Turkey Is a Dictatorship Masquerading as a NATO Democracy

In the lead-up to Turkey’s constitutional referendum on April 16, Selahattin Demirtas, the co-chair of the opposition pro-Kurdish Peoples’ Democratic Party (HDP), sits in prison on charges of terrorism. With his voice effectively muzzled, he has taken to writing short stories, the latest of which is “Aleppo Mince,” where one of his characters muses, “I wonder if in reality death is altogether commonplace, normal, and we are the ones who exaggerated it, made it into something extraordinary.” To understand the politics of Turkey’s upcoming referendum, one must understand its last general election in 2015 and the past two years in which, as Demirtas writes, violence has become commonplace.

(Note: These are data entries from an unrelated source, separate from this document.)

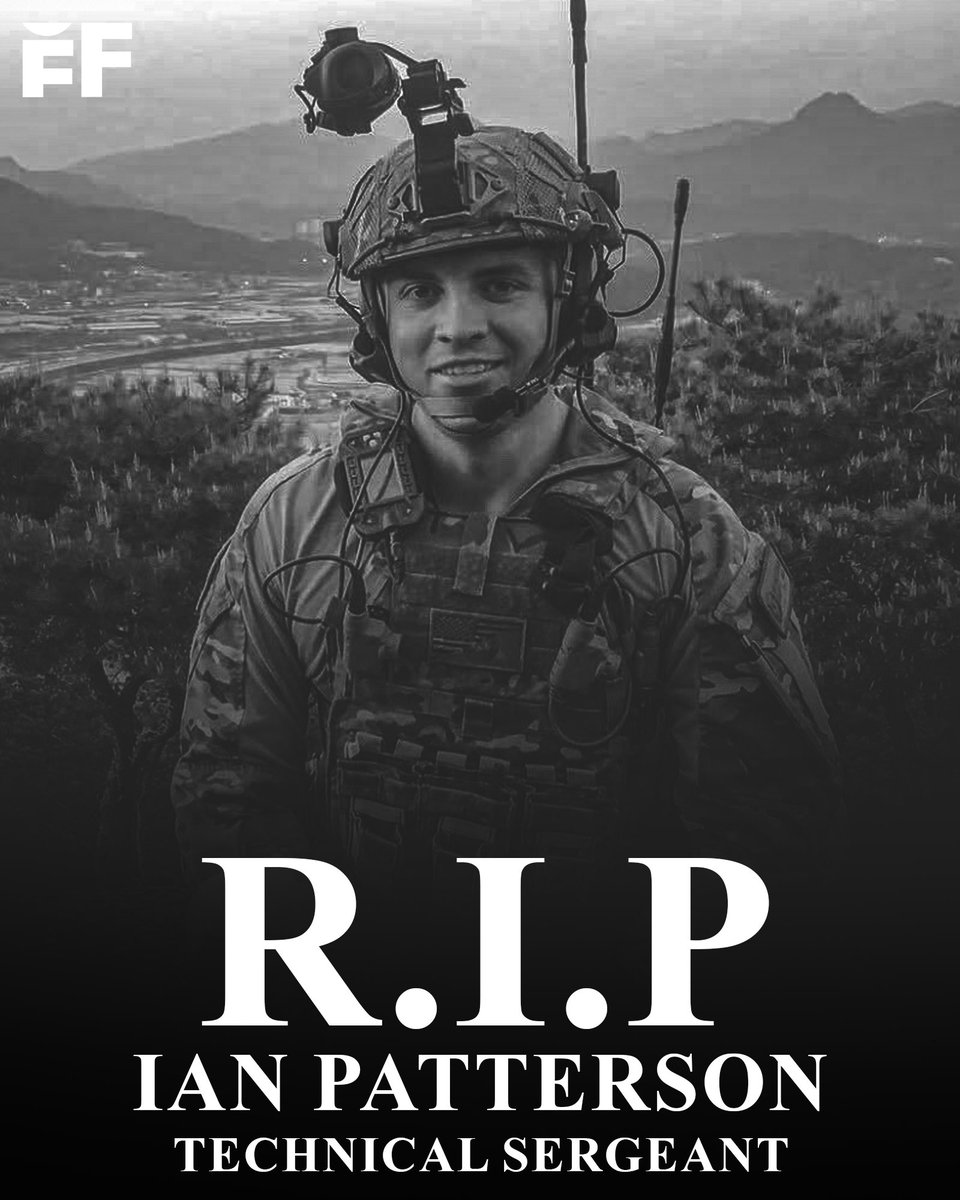 fballforeverhq's tweet photo. The U.S. Air Force has identified the service member who tragically passed away after falling during a pregame demonstration at the UTSA-Navy football game on Saturday in San Antonio: U.S. Air Force Tech. Sgt. Ian Patterson. 

May he rest in peace 🕊️ 🇺🇸 https://t.co/wdglfY7tda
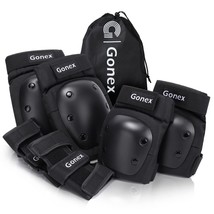 The Three-In-One Protective Gear Set For Skateboarding, Roller, Black L. - $607.64 MXN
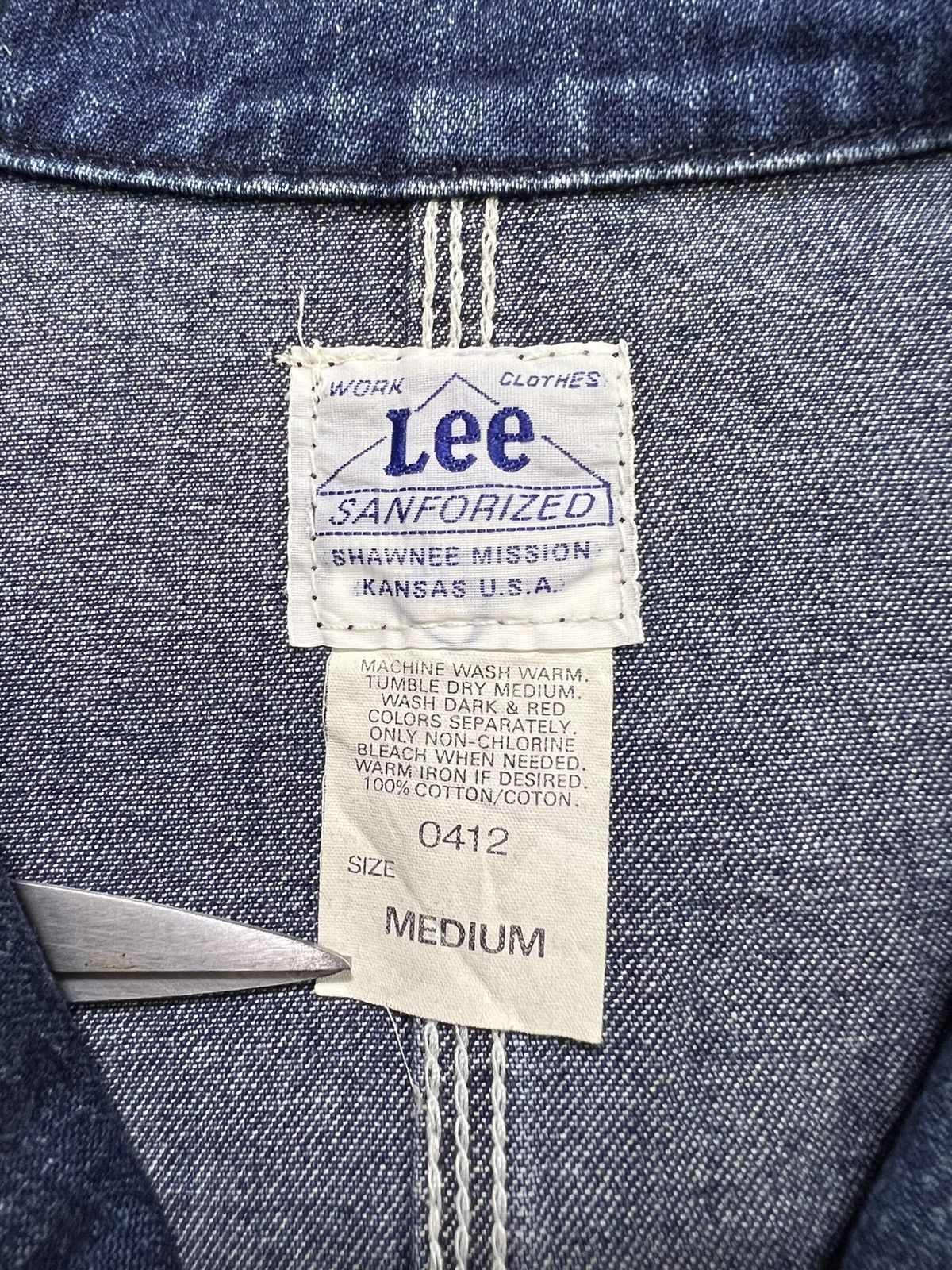 Lee Vintage Lee 0412 Repro Sanforized Chore Scovill Denim Jacket Size US M / EU 48-50 / 2 - 11 Thumbnail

Turkey has been wracked by political instability since Demirtas and the HDP won an unprecedented electoral victory in June 2015, exceeding 10 percent of the popular vote, which allowed them for the first time to create an HDP voting bloc in parliament and which also led to the first electoral defeat for President Recep Tayyip Erdogan’s Justice and Development Party (AKP) since 2002. To undercut this electoral victory, Erdogan and his allies have used violence to create the conditions necessary to consolidate power. Meanwhile, the United States and Europe haven’t just remained silent — they have been complicit.